In terms of theoretical considerations, this collected edition finds its roots in a number of questions that both Gattinger and Saint-Pierre have raised through their academic publications on the heuristic potential and/or limitations of comparative research on sub-national governments (provinces, states, regions, etc.). These sub-national considerations are important given that most models or archetypes of reference are based on national experiences. The last chapter of this book, in particular, furthers this reflection by opening discussion on strategies for a comparative research program at the sub-national level. Building on an overview of the most salient features of each chapter, as well as on their discussions and exchanges with their collaborators, Gattinger and Saint-Pierre point out a number of variables or dimensions that a comparative (infra/sub) national research programme should comprise: history, political culture, relationships between national and sub-national governments, demography, geography, as well as the rationale and conception of culture entertained by each province.

While there are a number of interesting insights put forward for comparative research in this edition, both authors might come across as being overly cautious. For instance, the limitations of the applicability of national archetypes to sub-national contexts has not benefited from a more comprehensive discussion, leaving the task of theorizing and aggregating patterns for sub-national archetype construction entirely open. Such in-depth discussion could have addressed the problematical identity of the hybrid category of cultural policy that is defined as building from French, American, and British national models. As both authors of this conclusive chapter observe, most provincial cultural policy tends to fit the definition of a hybrid cultural policy. It is, in my opinion, very clear that this contribution will fuel a number of debates that will guide discussions and research agendas within the comparative cultural policy research community.

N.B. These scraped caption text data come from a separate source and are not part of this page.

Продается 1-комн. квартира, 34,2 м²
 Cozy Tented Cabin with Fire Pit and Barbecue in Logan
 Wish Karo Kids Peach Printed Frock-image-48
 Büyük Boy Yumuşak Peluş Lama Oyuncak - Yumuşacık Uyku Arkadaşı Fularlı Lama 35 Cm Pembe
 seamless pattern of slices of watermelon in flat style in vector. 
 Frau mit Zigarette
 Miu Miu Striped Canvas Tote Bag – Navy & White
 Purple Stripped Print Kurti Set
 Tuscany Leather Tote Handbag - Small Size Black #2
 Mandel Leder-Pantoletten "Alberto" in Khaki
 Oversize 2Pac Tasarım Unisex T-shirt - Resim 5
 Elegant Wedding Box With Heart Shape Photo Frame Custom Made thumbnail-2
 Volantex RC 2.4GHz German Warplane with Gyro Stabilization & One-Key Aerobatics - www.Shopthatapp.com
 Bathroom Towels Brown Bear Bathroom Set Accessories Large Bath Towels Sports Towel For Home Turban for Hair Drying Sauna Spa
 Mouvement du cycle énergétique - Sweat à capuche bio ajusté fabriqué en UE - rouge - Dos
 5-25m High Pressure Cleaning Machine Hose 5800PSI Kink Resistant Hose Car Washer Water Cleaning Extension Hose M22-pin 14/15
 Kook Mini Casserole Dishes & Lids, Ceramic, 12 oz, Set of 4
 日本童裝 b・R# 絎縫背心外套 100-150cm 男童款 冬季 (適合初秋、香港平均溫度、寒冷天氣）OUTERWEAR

While this work must be credited for the theoretical debate it brings to our awareness, the greater value of this work lies in its systematic treatment of each Canadian province’s cultural policy. Each province is approached as a case study, and each case study benefits from in-depth coverage based on a tri-dimensional analytical structure focusing on history, cultural administration, and cultural policy. The editors of this collected edition must be applauded for this decision as it gives weight to their contribution. As the logic of case studies command, the different historical and cultural specificity of each province is given equal voice. In doing so, the editors have avoided the temptation of amalgamating provinces into artificial and, at times, questionable regional ensembles (e.g., the Prairies, Atlantic Canada, etc.). This renders the collected edition all the more useful for instructors, students, cultural administrators, and the many researchers or advocates gravitating in the sphere of cultural policy research. Gattinger’s chapter, for instance, represents perhaps the single greatest effort to date of providing a systematic treatment of Ontario’s cultural policy. In addition to the individual chapters on the Canadian provinces, a chapter on the Canadian North and a chapter on cultural statistics in Canada complete this collected edition. This collected edition is already a well-cited reference in the field of cultural policy, and there is no doubt that its English translation, scheduled to be published by the University of Toronto Press, will only strengthen its popularity and referential value.